Task instructions
Copy all the records exactly, but keep the pictures out of your version.

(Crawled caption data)
────────────────
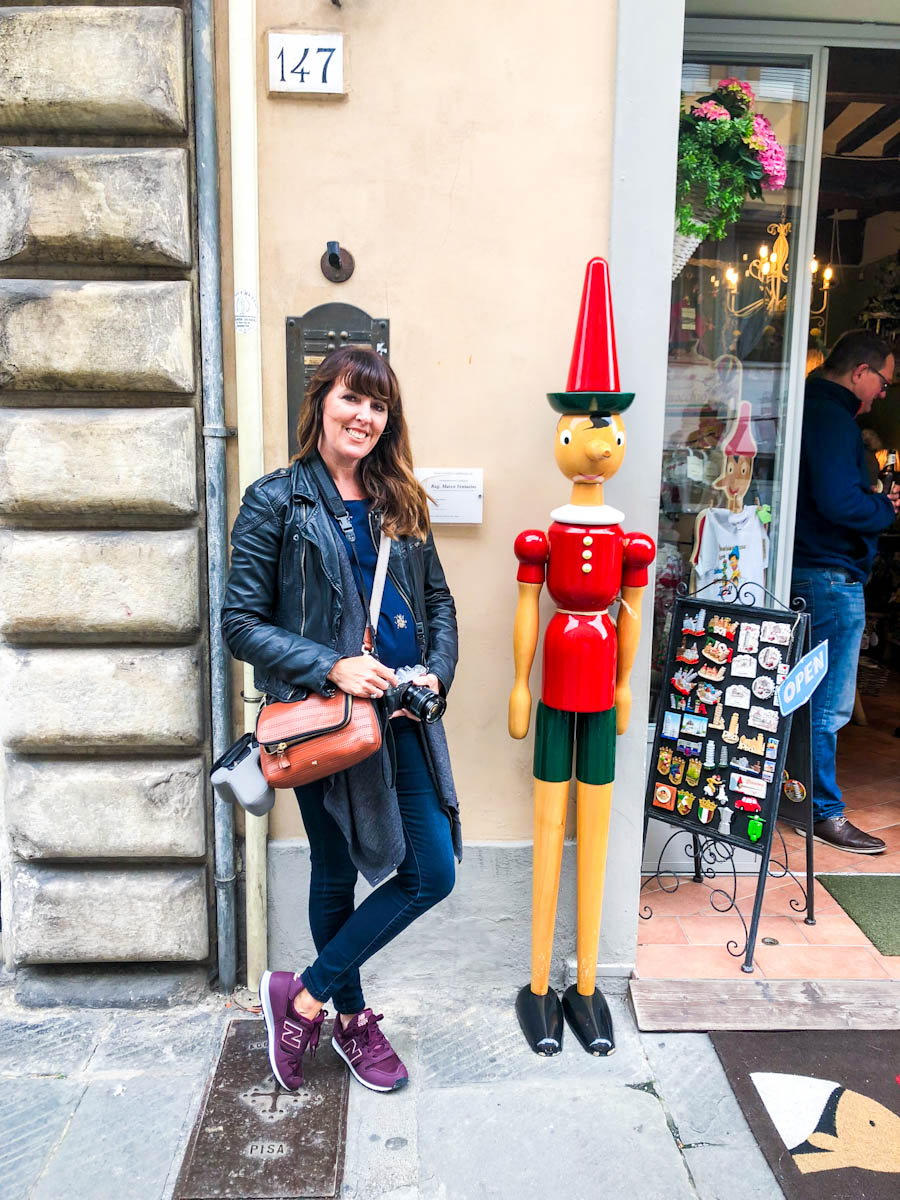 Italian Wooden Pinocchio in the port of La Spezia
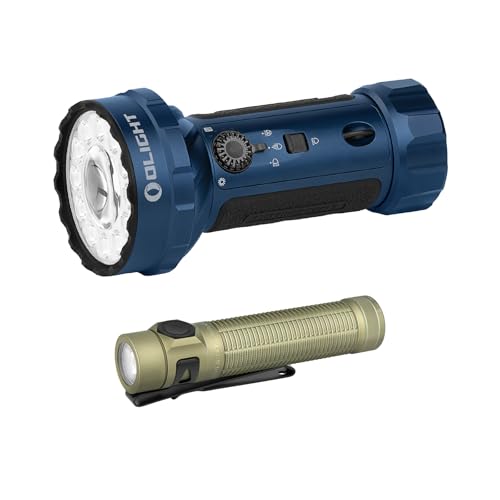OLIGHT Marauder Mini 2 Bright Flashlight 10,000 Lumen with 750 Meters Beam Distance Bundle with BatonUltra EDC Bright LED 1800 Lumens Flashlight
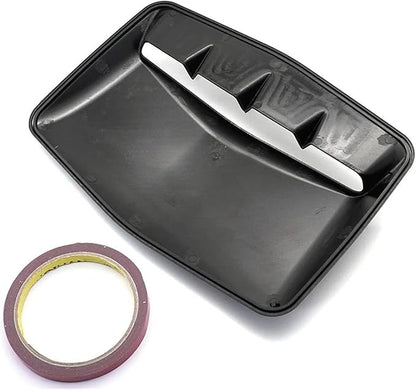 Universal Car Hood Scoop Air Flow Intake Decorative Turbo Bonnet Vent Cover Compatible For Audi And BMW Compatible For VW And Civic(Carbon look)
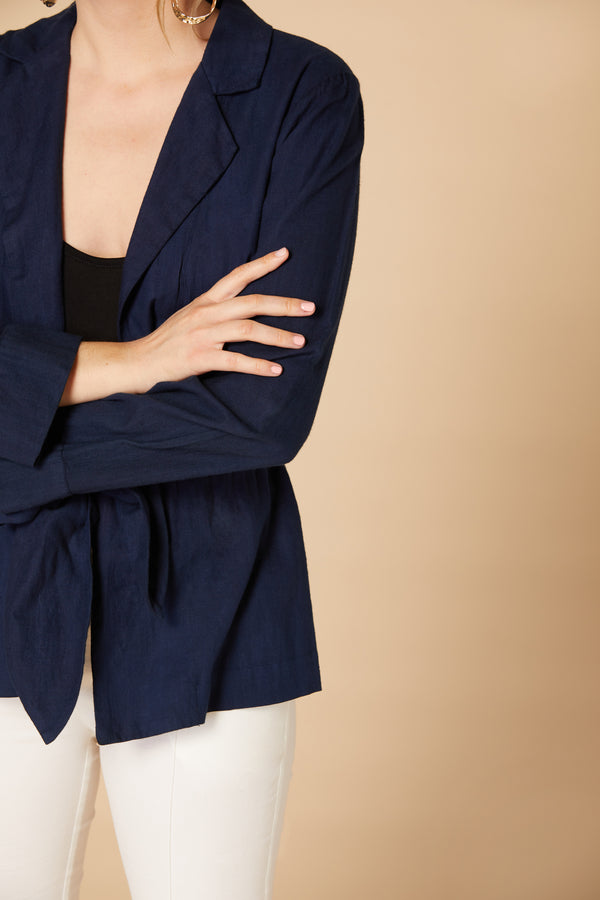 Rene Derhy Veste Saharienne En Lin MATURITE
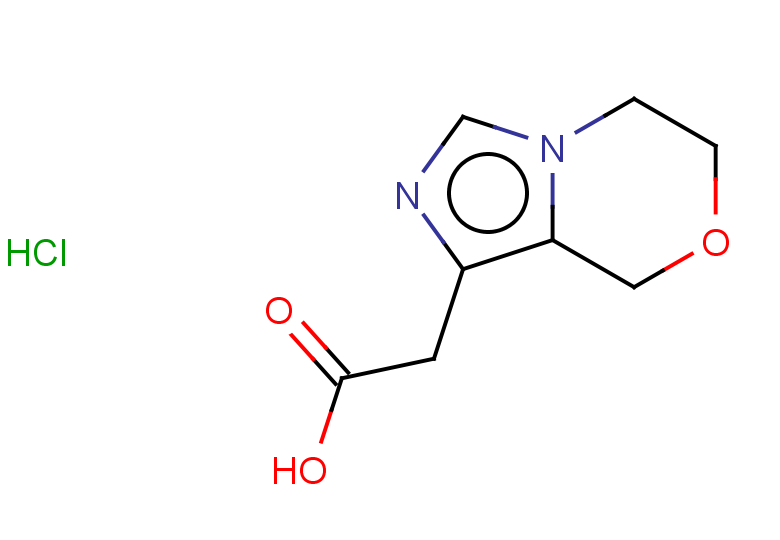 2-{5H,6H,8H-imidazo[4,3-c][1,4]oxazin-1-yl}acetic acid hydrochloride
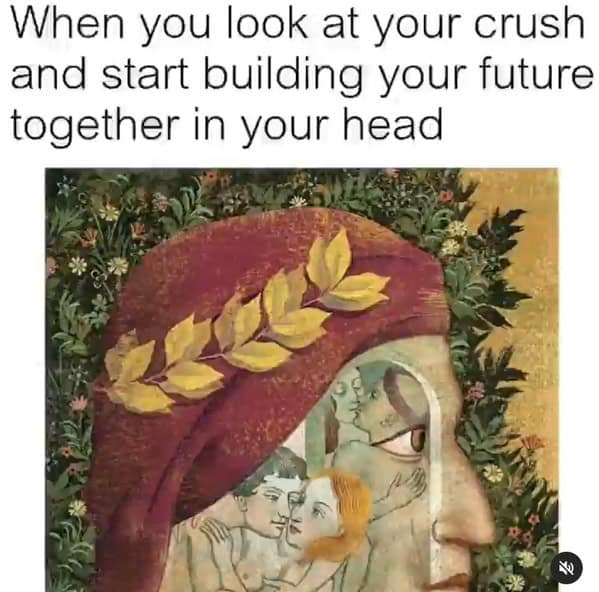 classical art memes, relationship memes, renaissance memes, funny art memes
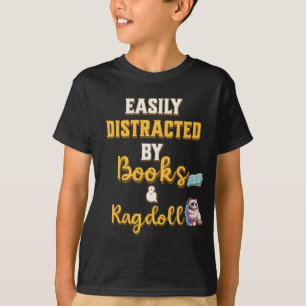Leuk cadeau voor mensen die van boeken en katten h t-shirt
────────────────
Exercise output
 Italian Wooden Pinocchio in the port of La Spezia
OLIGHT Marauder Mini 2 Bright Flashlight 10,000 Lumen with 750 Meters Beam Distance Bundle with BatonUltra EDC Bright LED 1800 Lumens Flashlight
 Universal Car Hood Scoop Air Flow Intake Decorative Turbo Bonnet Vent Cover Compatible For Audi And BMW Compatible For VW And Civic(Carbon look)
 Rene Derhy Veste Saharienne En Lin MATURITE
 2-{5H,6H,8H-imidazo[4,3-c][1,4]oxazin-1-yl}acetic acid hydrochloride
 classical art memes, relationship memes, renaissance memes, funny art memes
Leuk cadeau voor mensen die van boeken en katten h t-shirt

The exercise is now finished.